Did Hill act unreasonably by not making his marshalling claim in the County Court proceeding?

  1. Proposed ground 2 contends that the trial judge erred in finding that it was not unreasonable for Hill to not raise his marshalling claim in the County Court proceeding.  The trustees contend that Hill acted unreasonably in not raising his marshalling claim, and the trial judge should thus have found that his marshalling claim was barred by Anshun estoppel and/or abuse of process.

  1. The trial judge expressed his reasons for rejecting the trustees’ Anshun defence in brief terms:

In my opinion, it was not unreasonable for Hill not to have brought his marshalling claim in the County Court proceeding.  Indeed, at this time he was unaware of such right and the proceeding involved other more direct issues, the right to marshal being tangential and not directly relevant particularly in circumstances where the property the subject of the Second Mortgage had been sold.[65]

[65]Reasons 473 [70].

  1. The legal principles to be applied were not in contest.  In Anshun, the High Court (Gibbs CJ, Mason and Aickin JJ) explained that there will be no estoppel based on the failure to advance a claim which could have been litigated in earlier proceedings:

unless it appears that the matter relied upon as a defence in the second action was so relevant to the subject matter of the first action that it would have been unreasonable not to rely on it.  Generally speaking, it would be unreasonable not to plead a defence if, having regard to the nature of the plaintiff’s claim, and its subject matter it would be expected that the defendant would raise the defence and thereby enable the relevant issues to be determined in the one proceeding.[66]
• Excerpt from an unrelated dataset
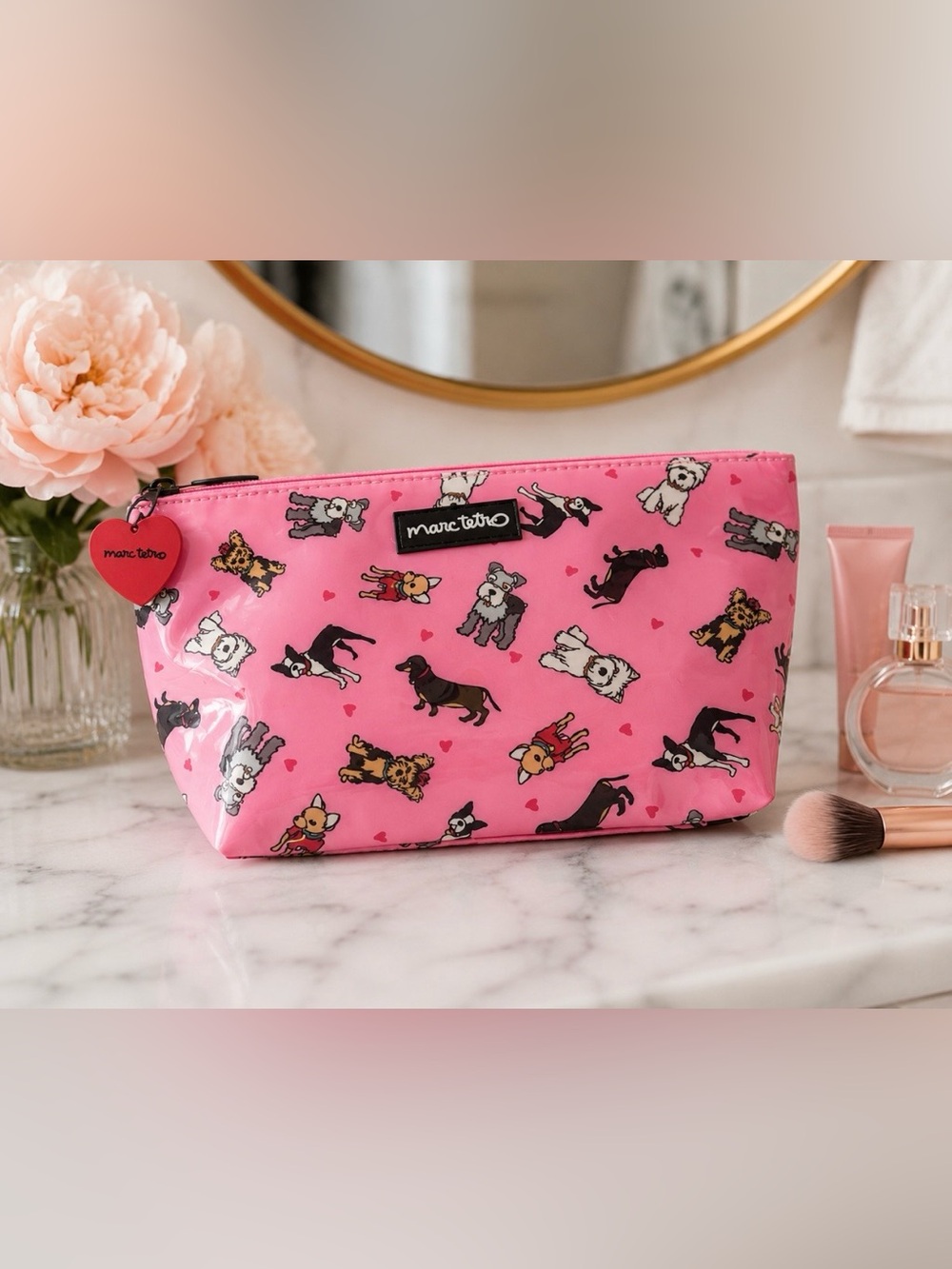 NWT Marc Tetro Dog Cosmetic Make
Up Bag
[66]Anshun (1981) 147 CLR 589, 602.

  1. The plurality in Anshun continued by noting that:

there are a variety of circumstances … why a party may justifiable refrain from litigating an issue in one proceeding yet wish to litigate in other proceedings e.g. expense, importance of the particular issue, motives extraneous to the actual litigation, to mention but a few. …

[On the other hand, it] has generally been accepted that a party will be estopped from bringing an action which, if it succeeds, will result in a judgment which conflicts with an earlier judgment …

The likelihood that the omission to plead a defence will contribute to the existence of conflicting judgments is obviously an important factor to be taken into account in deciding whether the omission to plead can found an estoppel against the assertion of the same matter as a foundation for a cause of action in a second proceeding.[67]

[67]Ibid 603.

  1. In Tomlinson,[68] the plurality explained the relationship between Anshun and related estoppels and abuse of process:[69]

Thus, the assertion of a right or obligation, or the raising of an issue of fact or law, in a subsequent proceeding can be simultaneously: (1) the subject of an estoppel which has resulted from a final judgment in an earlier proceeding; and (2) conduct which constitutes an abuse of process in the subsequent proceeding.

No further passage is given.